Título original: Chanson douce
Año de publicación: 2016
Traducción: Malika Embarek López
Valoración: muy recomendable.
Llegué a este libro, premio Goncourt 2016 y de cuya autora no había leído nada (ni siquiera oído hablar, he de admitir), no sé muy bien cómo. Quizá fuese gracias a lo que me gustó el anterior (y primer) libro que había leído de la editorial Cabaret Voltaire, La mujer helada de Annie Ernaux, reseñado recientemente en ULAD. Pero lo más probable es que lo que me decidiera fuera la imagen de la cubierta, sobrecogedora e hipnótica, y que gana fuerza a medida que te introduces en el relato, casi como un elemento más de la obra. De hecho, la elección me parece una de las mejores que he visto en los últimos años.
Pasando a la novela, si analizamos a vista de pájaro los principales elementos, lo cierto es que podríamos decir que no entraña demasiados secretos.
En primer lugar, el argumento de Canción dulce no es nada fuera de lo común, incluso me atrevería a decir que es previsible: un matrimonio con dos hijos pequeños contrata a una niñera cuando la mujer decide retomar su carrera profesional, y lo que en principio —y durante un tiempo— parece una buena idea, acaba como el amigo al que invitas a pasar unos días y luego no hay manera de que se largue. En la novela el tema adquiere unos tintes sustancialmente más dramáticos, pero ya entienden el símil.
Tampoco el resto de elementos muestran en apariencia demasiada complejidad. Leila Slimani utiliza un narrador omnisciente en presente, con algunos flashbacks en pasado, que no tiene reparos en penetrar en la cabeza de todos los personajes, principales y secundarios, para describirnos sus pensamientos y emociones. En este sentido, es uno de los libros con los que más he tenido la impresión de que alguien (la autora) me estaba contando una historia, y al contrario de lo que podría pensarse, es un elemento que proporciona mucha potencia al resultado.
Desde el punto de vista estructural, aunque utiliza diferentes flashbacks, se mantiene en general la linealidad, con la excepción destacable del primer capítulo. Por último, la prosa es sencilla y clara: frases cortas y directas, amputadas de complejidad o lirismo innecesario. Para muestra, un botón:
Los parques públicos, en las tardes de invierno. La llovizna barre las hojas secas. La grava helada se adhiere a las rodillas de los críos. En los bancos, en las alamedas discretas, uno se topa con las personas que nadie quiere ya.

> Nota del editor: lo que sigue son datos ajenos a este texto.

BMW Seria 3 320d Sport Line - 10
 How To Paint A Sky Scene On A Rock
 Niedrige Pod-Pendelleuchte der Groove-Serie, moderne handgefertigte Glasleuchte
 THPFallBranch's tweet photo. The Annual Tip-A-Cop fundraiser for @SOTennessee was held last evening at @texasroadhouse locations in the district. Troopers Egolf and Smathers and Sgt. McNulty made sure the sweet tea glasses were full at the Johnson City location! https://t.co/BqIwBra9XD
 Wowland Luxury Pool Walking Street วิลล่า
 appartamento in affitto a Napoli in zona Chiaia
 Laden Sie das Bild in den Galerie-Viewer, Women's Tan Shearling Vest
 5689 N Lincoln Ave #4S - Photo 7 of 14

La realidad, si entramos más a fondo, es que Leila Slimani hace fácil lo difícil. En lugar de plantear un thriller típico en el conocer el desenlace es lo que mantiene el interés del lector, decide colocarse en una posición menos habitual (y sobre todo cómoda), y en las seis primeras líneas nos cuenta el final de la historia. Acotando incluso más, la primera frase de la novela no deja lugar a la duda: «El bebé ha muerto». Cuando llegamos al tercer capítulo, el elenco principal de personajes ya está presentado, con sus conflictos y personalidades: ya tenemos todas las cartas sobre la mesa.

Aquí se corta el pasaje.